The objective of this work is to provide an account, with appropriate detail, of some of the salient features of the development of the theory and analysis of engineering structures during the nineteenth century. There seemed to be two possible approaches to the subject: that whereby emphasis is on personalities and their contributions to the subject, or that whereby emphasis is primarily on subject development, with due acknowledgement of personalities and regard to the chronological aspect. Experience indicates that the former is conducive to some degree of repetition and confusion concerning the subject matter and, therefore, the latter approach is adopted (though personal names are used in subheadings to identify developments). But Chapter 6 is unique in being devoted to Levy's little-known, though highly-significant work on theory of frameworks. Free translation of original material is used extensively throughout the book in order to avoid misrepresentation or serious omission. Also, original notation for mathematical analyses are preserved as far as possible.

Chapters 4 and 11 differ from the others in being little more than brief reviews of topics which, though important, are peripheral to my purpose herein. The former embraces graphical analysis of simple frameworks which, together with the vast subject of graphical analysis of engineering problems generally, has very limited relevance to the features with which this work is concerned and which have determined the development of modern theory of structures.

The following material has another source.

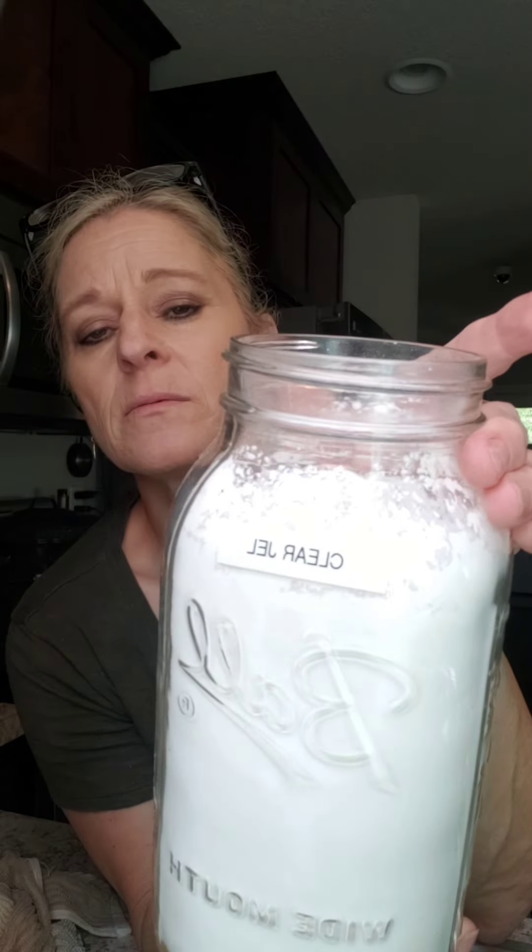You can get the recipe by searching 'Canning Diva jam clear gel' — and there's how to spell clear gel — and it will give you the recipe. I just got off Facebook and she said that she triples it. How many of us have canned for large families and have to sit in the kitchen all day doing one batch after batch of the same exact jam? Nope. Let's get going.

The following is an abridged version of the author's free translation of Navier's Obituary Notice of 1837, by Prony, which is included in the 1864 edition of Navier's Leçons, edited and with additional notes by Saint-Venant.

Much progress in theory of structures during the nineteenth century has been ascribed, notably by Clapeyron (1857) in France and Pole (Jeaffreson, 1864) in Britain, to the coming of the railway era. But the state of knowledge of the subject at the beginning of the century was ripe for rapid development due, for example, to Coulomb's remarkable research in applied mechanics. Early in the century Navier began to contribute to engineering science encouraged by his uncle, M. Gauthey, Inspector General of bridges and highways in France. Navier was born in 1785 and orphaned when he was fourteen years of age. He was adopted by Gauthey whose book on bridges he published (1809) and revised (1832), following his education at L'Ecole Polytechnique and then at L'Ecole des Ponts et Chaussées, from where he had become ingenieur ordinaire in 1808. He may be regarded as the founder of modern theory of elasticity and its application to structures and their elements. The year 1826 is memorable for the publication of Navier's celebrated Leçons as well as for the completion of Telford's remarkable wrought iron chain suspension bridge at Menai (it was also a year of sadness for Navier due to failure, prematurely, of the Pont des Invalides, a Paris suspension bridge which he had designed).